Re: Project 10001 - Core 20 - EARLY_UNIT_END

Posted: Thu Dec 24, 2009 2:08 pm
by Bob8421
Right after posting the above, I had another ProtoMol work unit complete successfully with b4 core v20. It was the only ProtoMol work unit running on that system, together with 3 GROMACS work units. The above 3 error work units were all running on the same system, together with 1 GROMACS work unit. It seems that ProtoMol plays well with others, but not with itself.

Re: Project 10001 - Core 20 - EARLY_UNIT_END

Posted: Thu Dec 24, 2009 3:04 pm
by Tobit
Looks like a bad WU. In the future, could you please format the subject to include the project number with the R/C/G info such as the following in the case of this unit:

Project: 10001 (Run 408, Clone 4, Gen 3) - EARLY_END_UNIT

This makes it much easier on the developers to spot and address. :)

Re: Project 10001 - Core 20 - EARLY_UNIT_END

Posted: Thu Dec 24, 2009 3:25 pm
by Bob8421
I didn't include those details in the subject because there were 3 separate clients all with the same error. And the details are listed in the log file I included for one of the work units should that prove relevant.
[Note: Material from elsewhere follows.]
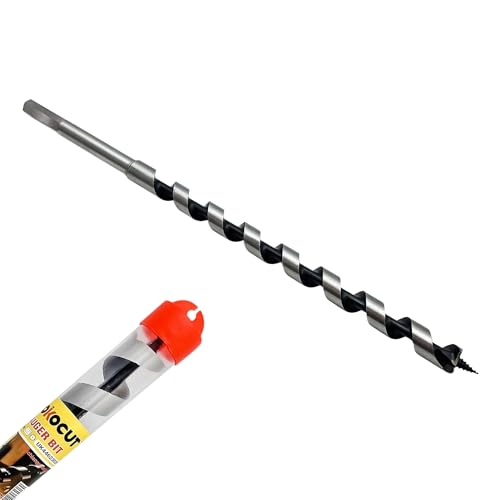 Schlangenbohrer 6mm x 235mm Holzschlangenbohrer | Holzbohrer lang | Balkenbohrer Bohrer Form Lewis | Holzspiralbohrer mit Sechskantschaft Schlangenbohrer 6mm x 235mm Holzschlangenbohrer | Holzbohrer lang | Balkenbohrer Bohrer Form Lewis | Holzspiralbohrer mit Sechskantschaft von YOKOCUT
But it does not appear to me that the problem is with the those particular work units, but with the new core itself, which is why I put that in the subject instead.

By the way, the subject line was not entirely my creation. I stopped after "Core 20", but the " - EARLY_UNIT_END" showed up all by itself!

Re: Project 10001 - Core 20 - EARLY_UNIT_END

Posted: Thu Dec 24, 2009 3:30 pm
by Tobit
Noted Bob, thanks for clarifying. For the record, I've done several of them with the new version 20 core without issue so I didn't think there were core wide issues with version 20. Definitely worth investigating however.

Re: Project 10001 - Core 20 - EARLY_UNIT_END

Posted: Thu Dec 24, 2009 4:39 pm
by Bob8421
Following up on the 3 errors with the v20 core...

The EARLY_UNIT_END message led me to believe that the work units had failed and that the partial results should have been returned. I was planning to leave those 3 clients closed rather than taking a chance on getting additional ProtoMol work units that would not finish.

However, a short time ago I decided to restart them anyway just to see what work units would be assigned. None of them requested a new work unit. Instead they all picked up the existing work units that had been in progress at the same points where they were when the clients crashed. I can't wait to see if they can actually run to completion!

Re: Project 10001 - Core 20 - EARLY_UNIT_END

Posted: Fri Dec 25, 2009 1:53 am
by jcoffland
Sorry about the problems v21 is out which should fix this problem.

Re: Project 10001 - Core 20 - EARLY_UNIT_END

Posted: Fri Dec 25, 2009 2:36 pm
by codysluder
Bob8421 wrote:However, a short time ago I decided to restart them anyway just to see what work units would be assigned. None of them requested a new work unit. Instead they all picked up the existing work units that had been in progress at the same points where they were when the clients crashed. I can't wait to see if they can actually run to completion!
I've only had one like that, but it finished without any problems.